The prune face wrinkled up in scorn. "Good authority? You? Some drunk in a tavern, I do not doubt. And you are privy to Nevil's secret strategy? I did not realize I was in the company of an international statesman. You are a worthy flunky for the don."
Toby shrugged and scanned the trees that had provoked the discussion. "It is not easy to kill an olive, senor. They will not burn. It is hard to uproot them. Most of these will recover sooner than the people will, for it takes twenty years to make a citizen. And the ash trees have not suffered."
He pointed to the coppice on the other side of the trail, a forest of massive, shoulder-high stumps, each of which bore a crown of high vertical shoots. Coppices provided tool handles and staves for many purposes, and the rebels had been able to inflict no more damage than a normal harvesting would.

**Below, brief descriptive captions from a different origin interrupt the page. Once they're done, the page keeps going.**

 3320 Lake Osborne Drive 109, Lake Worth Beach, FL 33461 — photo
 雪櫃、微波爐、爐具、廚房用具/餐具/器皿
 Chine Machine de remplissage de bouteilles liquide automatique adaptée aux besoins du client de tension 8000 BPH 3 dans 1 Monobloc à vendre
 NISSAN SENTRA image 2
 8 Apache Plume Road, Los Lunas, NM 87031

Brusi looked where he gestured, and thus both of them were facing the trap when it was sprung. Weedy undergrowth had concealed the shallow stream bed that flanked the track and also concealed the dozen or so men hiding in it. They had planned their ambush well, letting the armed vanguard go past before they leaped up, yelling to panic the horses. They charged, brandishing cudgels and a few swords, screaming as loud as they could.

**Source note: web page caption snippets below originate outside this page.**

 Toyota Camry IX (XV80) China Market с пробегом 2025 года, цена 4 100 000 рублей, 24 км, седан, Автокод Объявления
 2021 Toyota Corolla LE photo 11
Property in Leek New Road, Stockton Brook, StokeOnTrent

The horses did panic, naturally. Brusi's roan reared, toppling him back into the confusion of the pack animals he led. By that time Toby had already dropped his bundle and dived under the flailing hooves. He cut his sword free from its rope baldric and thrust the point into an assailant even before he himself was fully upright. He tugged it from the falling body and somehow managed to dodge a whirling club wielded by a skinny youth who reeled off-balance before him, staring eyes and open mouth in a stark white face, both hands struggling to swing the cudgel up for a second blow. Toby stabbed at his neck and connected again—blood!—only vaguely aware of the screaming women and horses behind him, the crash of bodies and animals meeting branches. He parried a slash and riposted. A man with white hair... blood!
The odds were impossible, because he was facing the whole assault singlehanded. His supporters at either end of the line needed time to arrive, and their progress was blocked by the melee of fallen horses and baggage. He lashed out with a foot, parried a sword, thrust his blade into a leg, and reconciled himself to dying at any second.
Then help arrived on Atropos. Ancient the warhorse might be, but he remembered his days of glory and for a few seconds made the ground tremble beneath mighty hooves. With a piercing war cry of, "King Pedro and Castile!" Don Ramon thundered down the line like a fusillade of cannon. His lance impaled a man and nailed him to another before it broke. Atropos bowled over two more and then went by, riderless. His shield still slung on his back, the ever-agile don hit the ground with his feet and a foe with his broadsword, cleaving helmet and head both. Oh, magnificent!